At 9.01 he called me from work.

"Hi"
"Hi"
"Am I still in the doghouse?"
"Why would you be in the doghouse?" (*definate point for picking up on the simmering overnight mood and acting on it quick)
"Because I didn't help last night"
"Should you have?"
"Yes"
"Are you sorry"
"Yes, very"

And that's where a few minutes made all the difference. He saw he was being a twat, has no idea why I'm being so nice but realises there is something he needs to do to keep it up.

I'm not completely won over yet but he still has time tonight.

We're on a date (which I organised as part of this self regulated challenge - babysitters and all and a rare occurrence).
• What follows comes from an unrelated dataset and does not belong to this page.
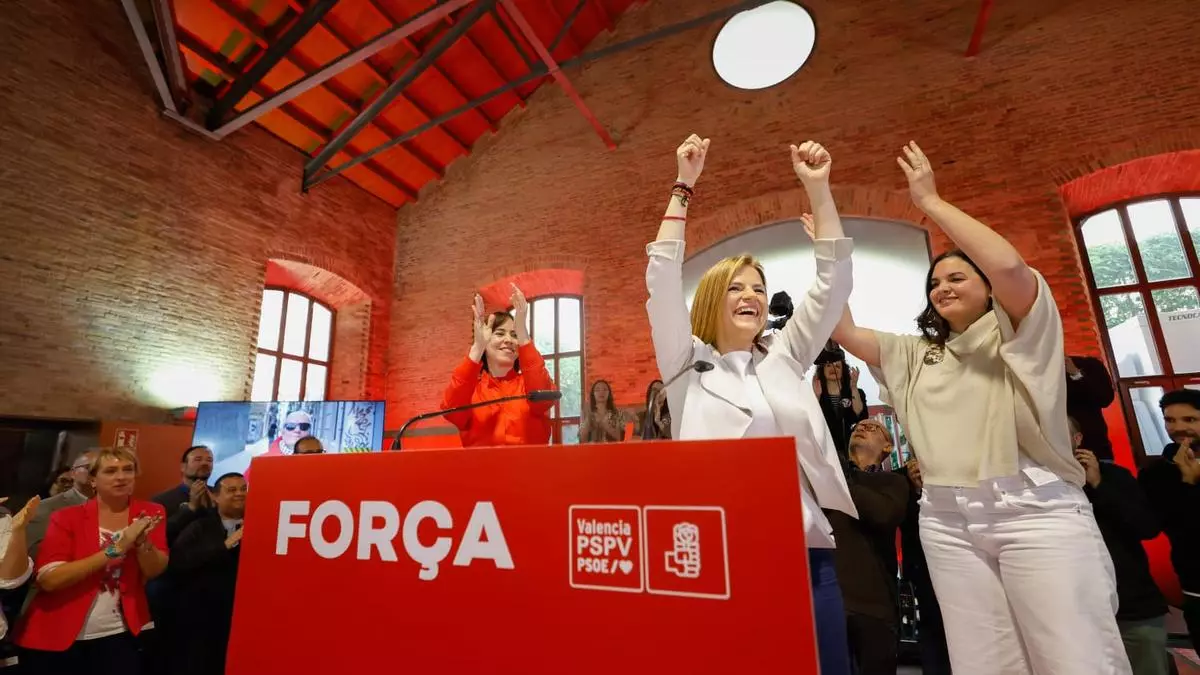 Bernabé, proclamada secretaria general del PSPV de Valencia: "Aquí mandan las mujeres"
I will come in tonight with the day 4 post but with one line only. And it will be

  • Bingo, or
  • Work in progress, or
  • Someone please put a pillow over my head
Hopefully no swearing will be needed. I'm back to smiles so rekon it'll be a goodie :)

Dovic xx

PS I know plenty of you are doing the same this week and that at least a couple of you had meltdown moment last night. We may all be different but we're all same same really :). Thanks for checking in on how it's going over this end xx
PSS I got a cleaner in today too. I think that should be included in 101 Of Saving Relationships and I give her 10/10 for 'value add' today
****FOOTNOTE ONLY 5 min later - heading towards the "someone please put a pillow over my head. Need cheering on to survive this!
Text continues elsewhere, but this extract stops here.